• _Problem requirements_:
Exact transcription of the records is required.

=== Begin Enclosure ===

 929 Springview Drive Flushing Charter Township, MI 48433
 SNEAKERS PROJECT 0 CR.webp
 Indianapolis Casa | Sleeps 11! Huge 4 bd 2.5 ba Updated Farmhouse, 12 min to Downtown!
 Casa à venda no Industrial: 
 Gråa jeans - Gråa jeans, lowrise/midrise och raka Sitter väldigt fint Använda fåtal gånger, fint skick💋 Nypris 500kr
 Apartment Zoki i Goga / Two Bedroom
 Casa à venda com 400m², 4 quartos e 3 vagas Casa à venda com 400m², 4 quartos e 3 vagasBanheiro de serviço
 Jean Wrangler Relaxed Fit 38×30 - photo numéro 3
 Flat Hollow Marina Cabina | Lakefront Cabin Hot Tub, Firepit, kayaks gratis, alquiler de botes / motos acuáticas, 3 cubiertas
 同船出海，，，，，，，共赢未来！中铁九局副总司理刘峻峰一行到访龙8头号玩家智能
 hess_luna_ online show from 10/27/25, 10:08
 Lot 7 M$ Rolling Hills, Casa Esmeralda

=== End Enclosure ===

• _Answer to this exercise_:
 929 Springview Drive Flushing Charter Township, MI 48433
 SNEAKERS PROJECT 0 CR.webp
 Indianapolis Casa | Sleeps 11! Huge 4 bd 2.5 ba Updated Farmhouse, 12 min to Downtown!
 Casa à venda no Industrial: 
 Gråa jeans - Gråa jeans, lowrise/midrise och raka Sitter väldigt fint Använda fåtal gånger, fint skick💋 Nypris 500kr
 Apartment Zoki i Goga / Two Bedroom
 Casa à venda com 400m², 4 quartos e 3 vagas Casa à venda com 400m², 4 quartos e 3 vagasBanheiro de serviço
 Jean Wrangler Relaxed Fit 38×30 - photo numéro 3
 Flat Hollow Marina Cabina | Lakefront Cabin Hot Tub, Firepit, kayaks gratis, alquiler de botes / motos acuáticas, 3 cubiertas
 同船出海，，，，，，，共赢未来！中铁九局副总司理刘峻峰一行到访龙8头号玩家智能
 hess_luna_ online show from 10/27/25, 10:08
 Lot 7 M$ Rolling Hills, Casa Esmeralda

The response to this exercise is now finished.